How can you tell when an asylum seeker professing to be child is lying? Often, it’s because he has crow’s feet, a receding hair-line and a beard. In other words, it’s sometimes obvious. That’s what makes so risible those stories we habitually read of men who are patently not children being granted asylum on the pretence that they are. We sigh in exasperation because we know why they have been let in: they have been granted entry by a system manned or manipulated by credulous do-gooders.

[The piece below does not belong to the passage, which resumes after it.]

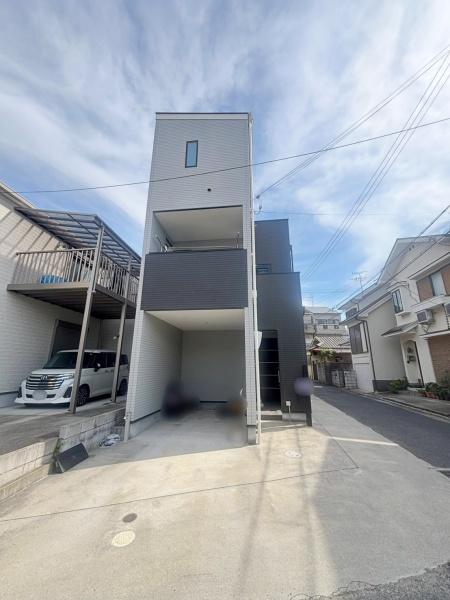 東大阪市布市町3丁目　中古戸建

Human beings are good at intuition, at assessing each other non-rationally through mental processes we don’t fully understand, of spotting fakes and fraudsters by their mien, gait and ostensibly innocuous facial gestures. Thus the notion that we could simply employ AI to gauge the truthfulness of human beings is highly suspect. How can we create technology to mimic the workings of the human subconscious when we don’t entirely comprehend how it works ourselves?

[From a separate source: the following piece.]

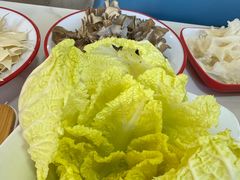 -庭院·冰煮羊·北京涮肉(西单店)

Yet that is the prospect now facing us. As reported today, the Home Office has announced it has awarded a software company a contract to develop technology to detect the age of adult migrants posing as children, technology to be deployed at the UK’s borders next year. This will involve estimating a person’s age by analysing photographs of them taken at the border. After the Home Office said initial testing indicated ‘promising performance and accuracy’, it has vowed that the technology will make it easier to identify adult migrants ‘attempting to game the system’.